»»
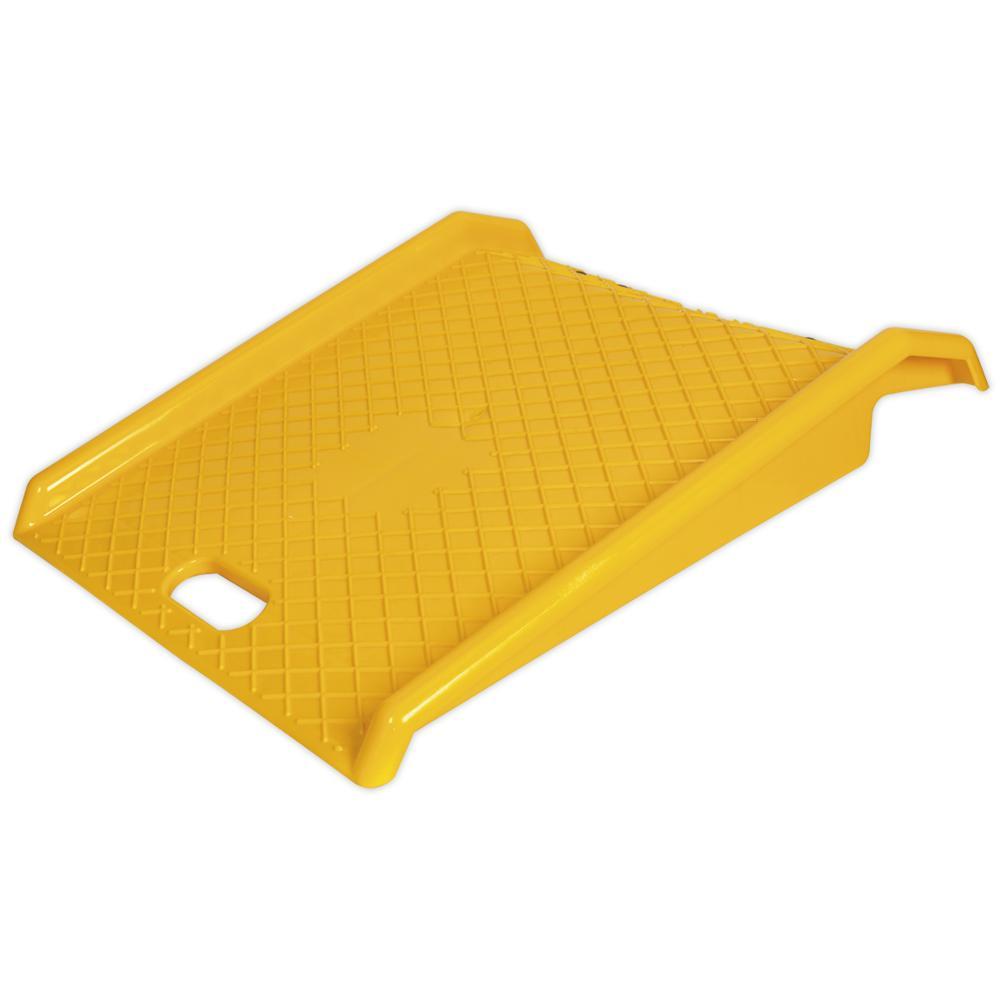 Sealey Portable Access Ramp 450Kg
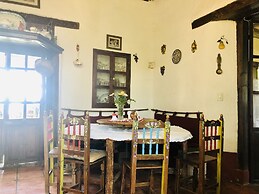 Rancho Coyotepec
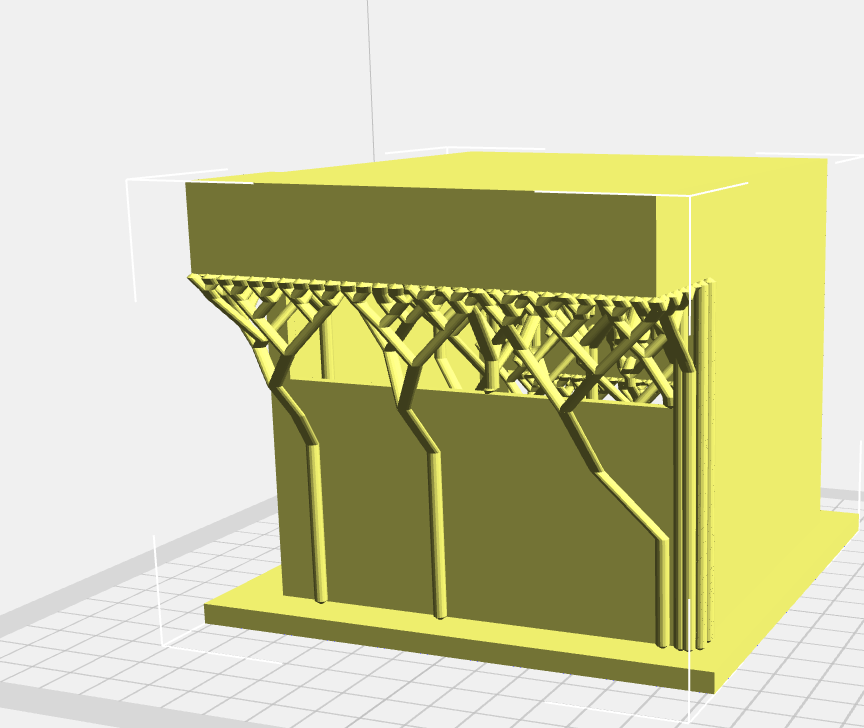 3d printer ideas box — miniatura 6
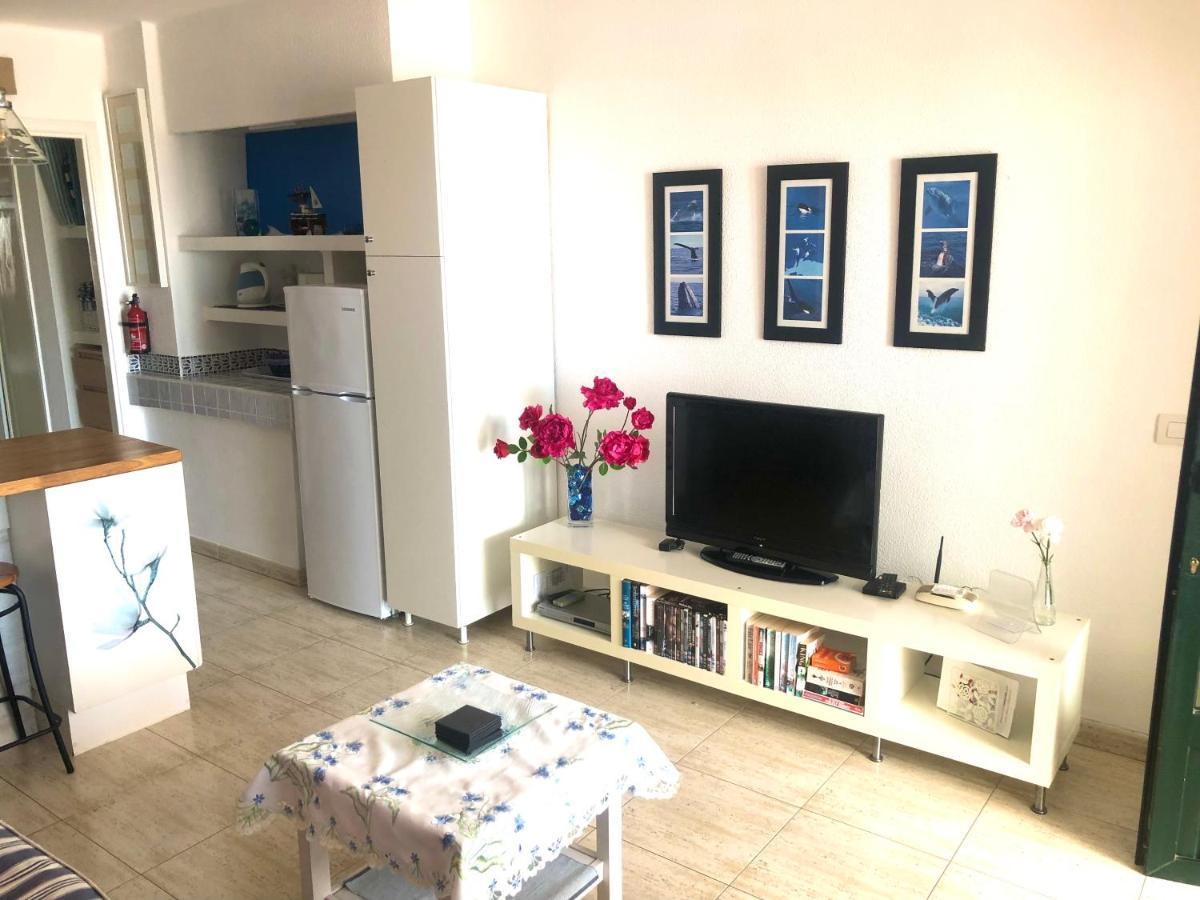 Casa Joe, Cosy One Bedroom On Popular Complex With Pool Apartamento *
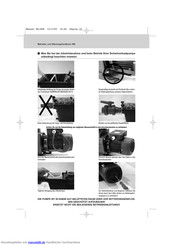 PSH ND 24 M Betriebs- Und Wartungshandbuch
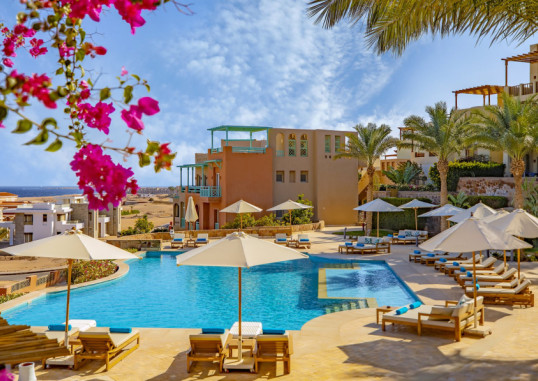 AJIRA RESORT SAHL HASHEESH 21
««
What is wanted is a word-for-word restatement of the entries, without their images.

 Sealey Portable Access Ramp 450Kg
 Rancho Coyotepec
 3d printer ideas box — miniatura 6
 Casa Joe, Cosy One Bedroom On Popular Complex With Pool Apartamento *
 PSH ND 24 M Betriebs- Und Wartungshandbuch
 AJIRA RESORT SAHL HASHEESH 21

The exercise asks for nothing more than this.